You don't have to look any further than the Big Standardized Test, which is the result of a whole bunch of policymakers saying, "Well, we could impose some of our favorite policies if only we had some data to excuse them."

The astonishing thing about applying the "Whose job does this make easier" lens to education is how truly rare it is that the answer is "teachers." 

It's not always huge stuff. When my old school switched from a paper attendance system run out of the main office over to a computerized system run by teachers, it created one more nuisance. Now every period had to have a built in moment within the first five minutes of class that allowed me to go to my desktop computer and record attendance, rather than doing it on paper to be checked later against the master attendance list. 

Was this a massive inconvenience? Of course not. But what generally grinds classroom teachers down is not the massive weight of large policy ideas, but death by a thousand small paper cuts. 

And this was a case where the central office was very proud of how this saved labor and made their job easier. But many labor-saving programs are actually labor-moving programs, and in school, the labor is most commonly moved to teachers. A thousand paper cuts.

Imagine a district where the administration said, "Yes, this would make my job easier, but it would put more burden on the teachers, so let's not do it." If you don't have to imagine that district, God bless you.

I am not arguing that the goal should be to make teaching the easiest walk-in-the-park job ever envisioned; that is neither possible nor desirable. But the basic function of a school administration is to make it possible for every teacher in the building to do the best job they can, and every administrative decision should be examined through that lens. Every decision should be centered on the question, "Will this support teaching in classrooms?"

A whole family of ed tech products are based on the proposition "If teachers put their work into these tech platforms, it will be easier for administration to monitor them." Digital lesson plans don't make it any easier for teachers to plan, and in fact can add time to the whole process, but they do make it easier for admins to monitor those plans (and in extreme cases, admins may have visions of an entire digitized program, so that the teacher can be more easily replaced).

The newest tech wave of AI products should face the same question. What job does this AI-powered whizbang actually make easier? Is it, for instance, easier to have an AI extrude lesson plans which the teacher must then edit and check for errors? Who does this actually help? Does it help a teacher to automate the brainwork of teaching (hint: does it help athletes to have a robot lift weights for them). 

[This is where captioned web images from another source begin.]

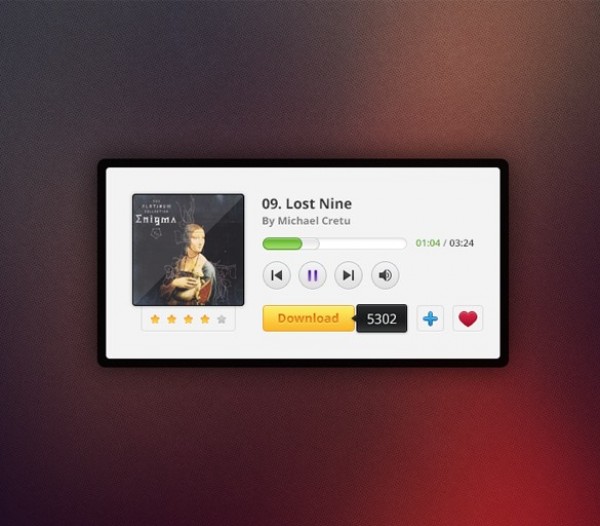 Trendy Music Player Interface PSD 7904 web unique ui elements ui trendy stylish quality psd player original new music player mp3 player modern light interface hi-res HD fresh free download free elements download detailed design creative clean audio player album cover   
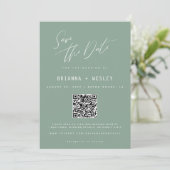 Moderner Salbeigrüner QR-Code-Foto-Save-the-Date Save The Date (Stehend Vorderseite)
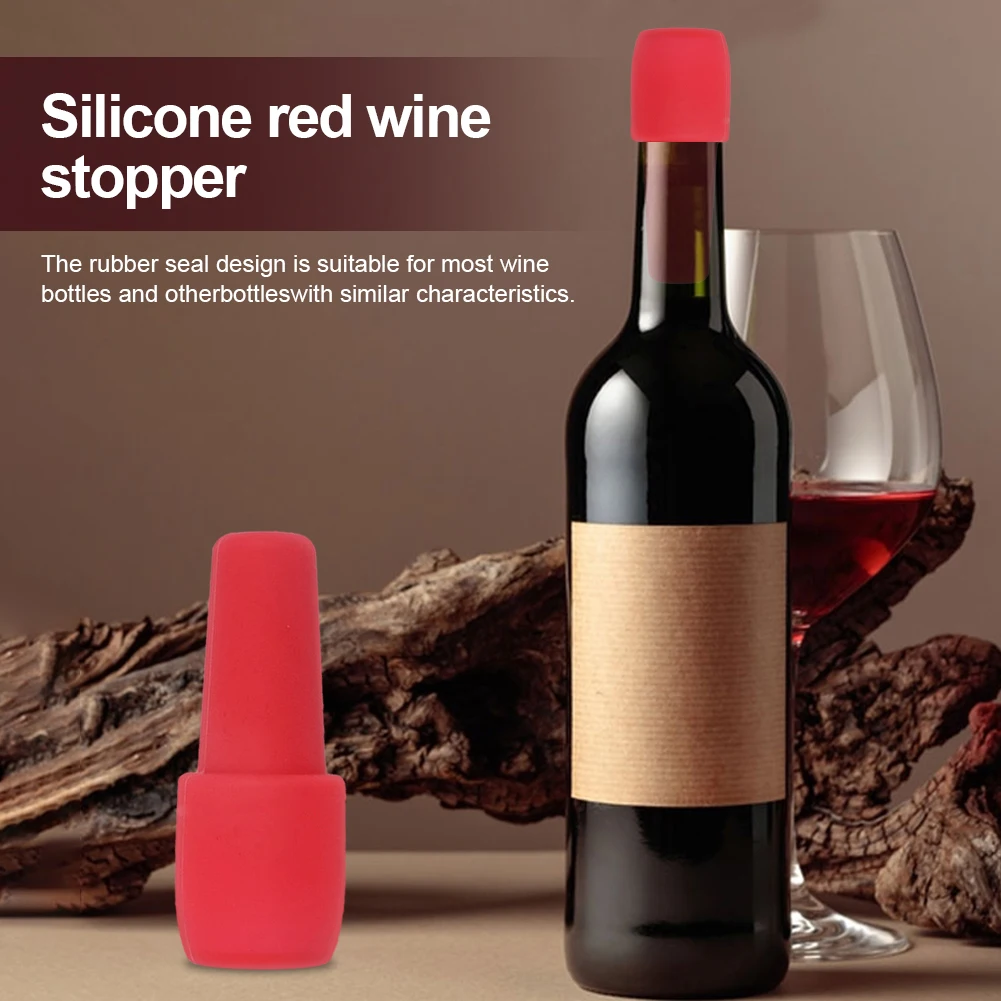 8Pcs Silicone Wine Stoppers Reusable Sparkling Wine Bottle Stoppers Wine Champagne Stoppers Bar Bartender Accessories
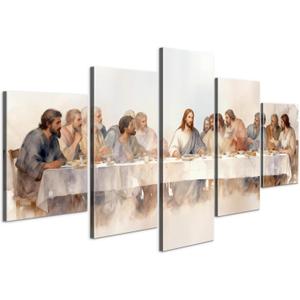 5 Pieces the Last Supper Wall Art Framed Canvas Religious, 50" x 24"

Teachers aren't the only stakeholders who need to be considered. Yes, it may make communication easier for the school, but does it really help parents and students to have to download one more app in order to get important information from the school?

Even worse is the tech that is adopted simply because it's cool, with no idea that it will help anyone at all. It's just cool, you know, and we've heard other schools are getting it. Surely you'll figure out some use for it. 

The thing is, every new tech a teacher adopts (willingly or not) is either helping or hurting. Even if it's not actively making the job harder, a non-helping piece of tech represents opportunity cost, money that could have been spent on something that was actually useful. 

So administrations, I beg you-- before you adopt, ask yourself who would be helped by this new technowidget, and if the answer is not "The people who do the actual work of teaching students," maybe ask yourself if it's really worth purchasing.